9.7. Setoff and Sharing of
Payments. In addition to any rights now or hereafter granted
under applicable law and not by way of limitation of any such rights, upon the
occurrence and during the continuance of any Event of Default and subject to
Section 9.8(e), each Lender is hereby authorized at any time or from time to
time upon the direction of Agent, without notice to Borrower or any other
person, any such notice being hereby expressly waived, to offset and to
appropriate and to apply any and all balances held by it at any of its offices
for the account of Borrower (regardless of whether such balances are then due to
Borrower) and any other properties or assets at any time held or owing by that
Lender or that holder to or for the credit or for the account of Borrower
against and on account of any of the Obligations that are not paid when
due. Any Lender exercising a right of setoff or otherwise receiving
any payment on account of the Obligations in excess of its Pro Rata Share
thereof shall purchase for cash (and the other Lenders or holders shall sell)

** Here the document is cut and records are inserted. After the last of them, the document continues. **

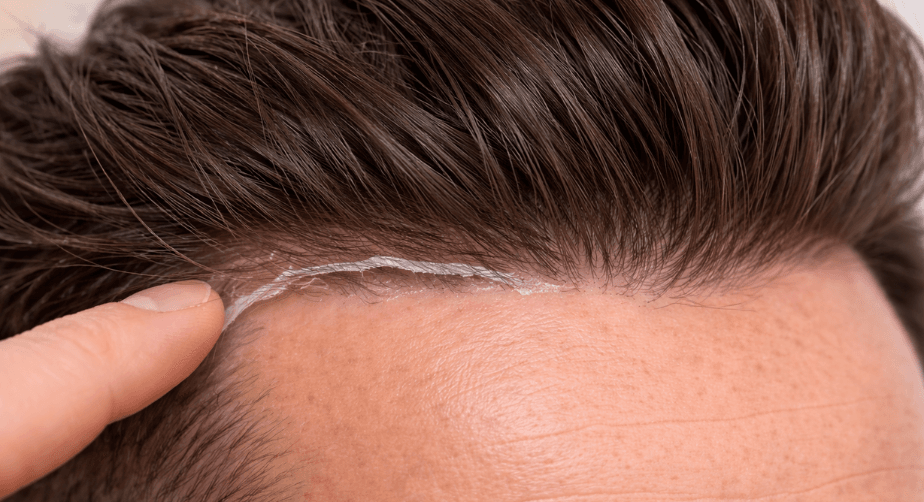 Hair System Problems: Itching, Lifting, Sweating, Shedding, and Fixes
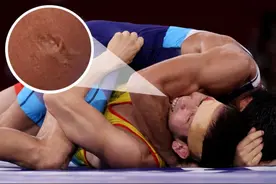 哈萨克斯坦奥运摔跤手用力撕咬对手二头肌，牙印清晰可见，双输图片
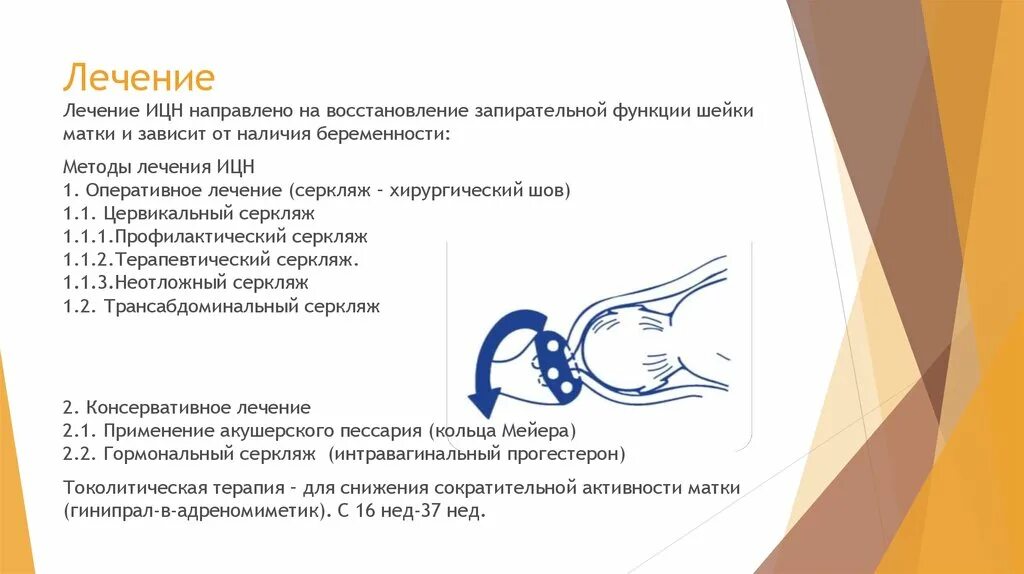 Методы коррекции истмико-цервикальной недостаточности. Классификация ИЦН. Швы при ицн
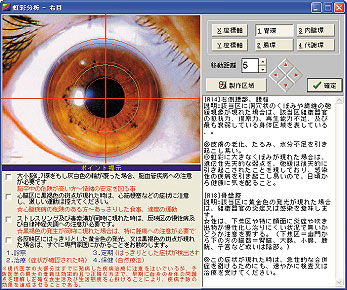 虹彩学でカラダの健康チェック！ 【日本虹彩学研究所】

such participations in each such other Lender’s or holder’s Pro Rata Share of
the Obligations as would be necessary to cause such Lender to share the amount
so offset or otherwise received with each other Lender or holder in accordance
with their respective Pro Rata Shares of the Obligations. Borrower
agrees, to the fullest extent permitted by law, that (a) any Lender may exercise
its right to offset with respect to amounts in excess of its Pro Rata Share of
the Obligations and may sell participations in such amounts so offset to other
Lenders and holders and (b) any Lender so purchasing a participation in the Term
Loans made or other Obligations held by other Lenders or holders may exercise
all rights of offset, bankers’ lien, counterclaim or similar rights with respect
to such participation as fully as if such Lender or holder were a direct holder
of the Term Loans and the other Obligations in the amount of such
participation. Notwithstanding the foregoing, if all or any portion
of the offset amount or payment otherwise received is thereafter recovered from
the Lender that has exercised the right of offset, the purchase of
participations by that Lender shall be rescinded and the purchase price restored
without interest. The term “Pro Rata Share”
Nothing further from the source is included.